CN103915913B - Fractional order parallel-series resonance wireless power transmission system - Google Patents

Fractional order parallel-series resonance wireless power transmission system Download PDF

Info

Publication number
CN103915913B
CN103915913B CN201410129860.5A CN201410129860A CN103915913B CN 103915913 B CN103915913 B CN 103915913B CN 201410129860 A CN201410129860 A CN 201410129860A CN 103915913 B CN103915913 B CN 103915913B
Authority
CN
China
Prior art keywords
fractional order
inductance
secondary
former limit
electric capacity
Prior art date
Application number
CN201410129860.5A
Other languages
Chinese (zh)
Other versions
CN103915913A (en
Inventor
张波
黄润鸿
丘东元
Original Assignee
华南理工大学
Priority date (The priority date is an assumption and is not a legal conclusion. Google has not performed a legal analysis and makes no representation as to the accuracy of the date listed.)
Filing date
Publication date
Application filed by 华南理工大学 filed Critical 华南理工大学
Priority to CN201410129860.5A priority Critical patent/CN103915913B/en
Publication of CN103915913A publication Critical patent/CN103915913A/en
Application granted granted Critical
Publication of CN103915913B publication Critical patent/CN103915913B/en

Links

Abstract

The invention provides a fractional order parallel-series resonance wireless power transmission system which comprises a high-frequency power source, a transmitting portion, a receiving portion and a load. The transmitting portion comprises a primary side fractional order capacitor and a primary side fractional order inductor which are connected in series. The primary side fractional order inductor is provided with a primary side resistor. The receiving portion comprises a secondary side fractional order capacitor and a secondary side fractional order inductor which are connected in parallel. The secondary side fractional order inductor is provided with a secondary side resistor. Wireless power transmission is achieved through a fractional order element, the dimensionality of parameter design is increased, and the fractional order parallel-series resonance wireless power transmission system is completely different from a traditional wireless power transmission system achieved through an integer order element.

Description

A kind of fractional order series-multiple connection resonant radio can transmit system

Technical field

The invention belongs to wireless power transmission or the field of wireless power transmission technology, particularly to a kind of fractional order Series-multiple connection resonant radio can transmit system.

Background technology

Wireless power transmission or wireless power transmission technology before more than 100 years just by American inventor tesla (Nicola Tesla) is attempted experimentally.2006, the research of the Massachusetts Institute of Technology (MIT) Personnel utilize the resonance technique of physics successfully to light one in 2m distance left and right with the efficiency of 40% The bulb of 60W, this experiment is not only the reproduction of tesla's experiment, especially wireless power transmission technology Another new breakthrough, and started the upsurge of wireless power transmission research.

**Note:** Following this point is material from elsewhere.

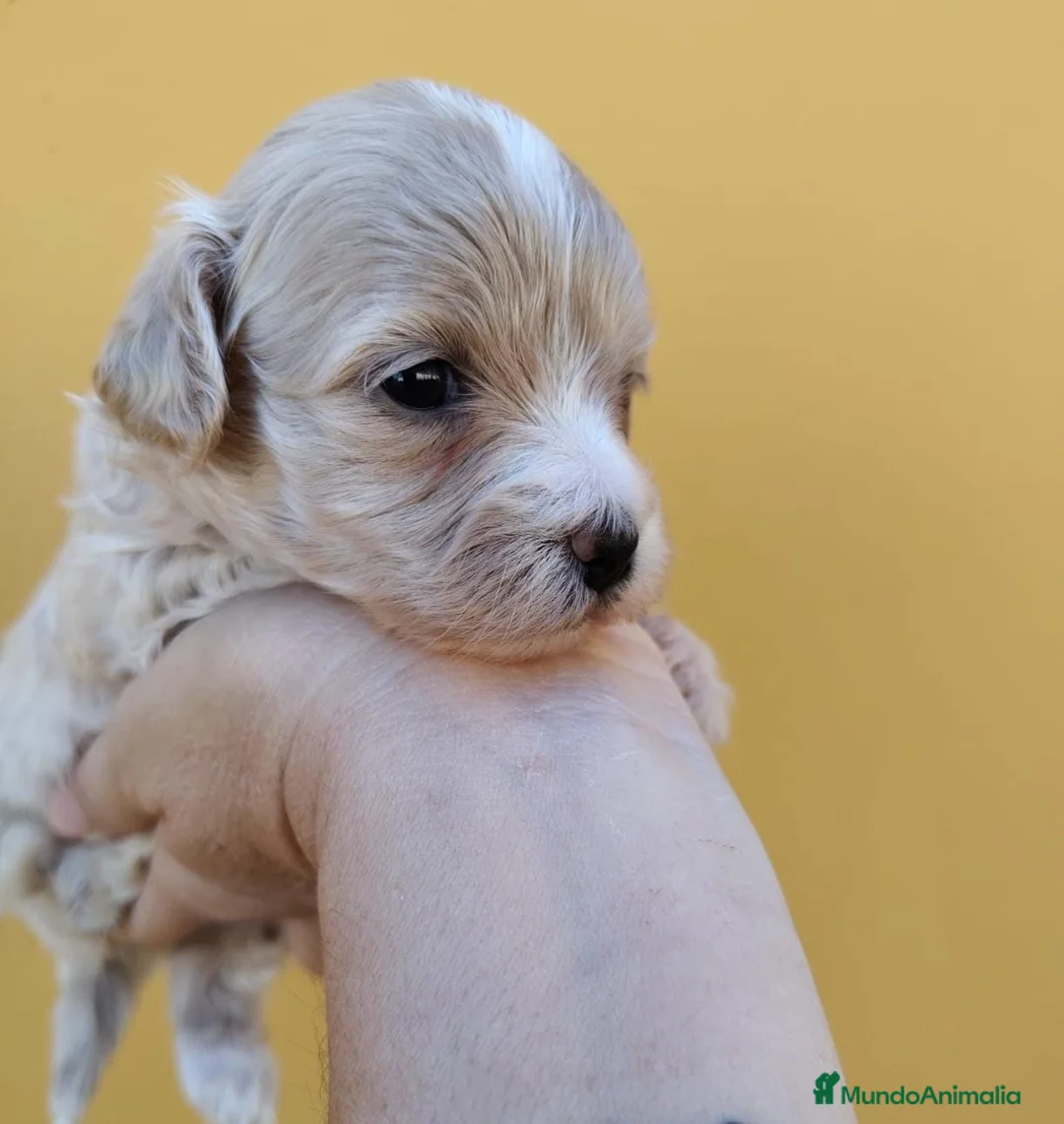 Maltipoo perros en venta: Maltipoo macho  - Anuncio 4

Wireless power transmission technology is the electric energy transmission means of a kind of wide application prospect, have safety, can Lean on, flexibly, the advantage such as convenient, be increasingly subject to the attention of countries in the world, and the most extensively applied In the various places be not suitable for or be inconvenient to use conductive contact transmission electric energy, as implantable medical device, Mobile electronic product, robot, rail electric car such as are powered at the occasion, and be expected in the near future can be Small-power electronic product wireless charging aspect replaces traditional plug charging.

Current radio energy transmission system is all based on integer rank inductance, electric capacity realizes, its resonance frequency Rate is only determined by inductance value and capacitance, and therefore, the design of its system only need to consider parameter value, it is not necessary to considers The exponent number of element, the degree of freedom of design is fewer.Meanwhile, the element of real system is substantially fractional order , but the most exponent number in current reality is close to 1, neglects completely during for fractional order Slightly.Traditional modeling by integer rank designs radio energy transmission system, under certain conditions, and reason Opinion and actual error may be the biggest.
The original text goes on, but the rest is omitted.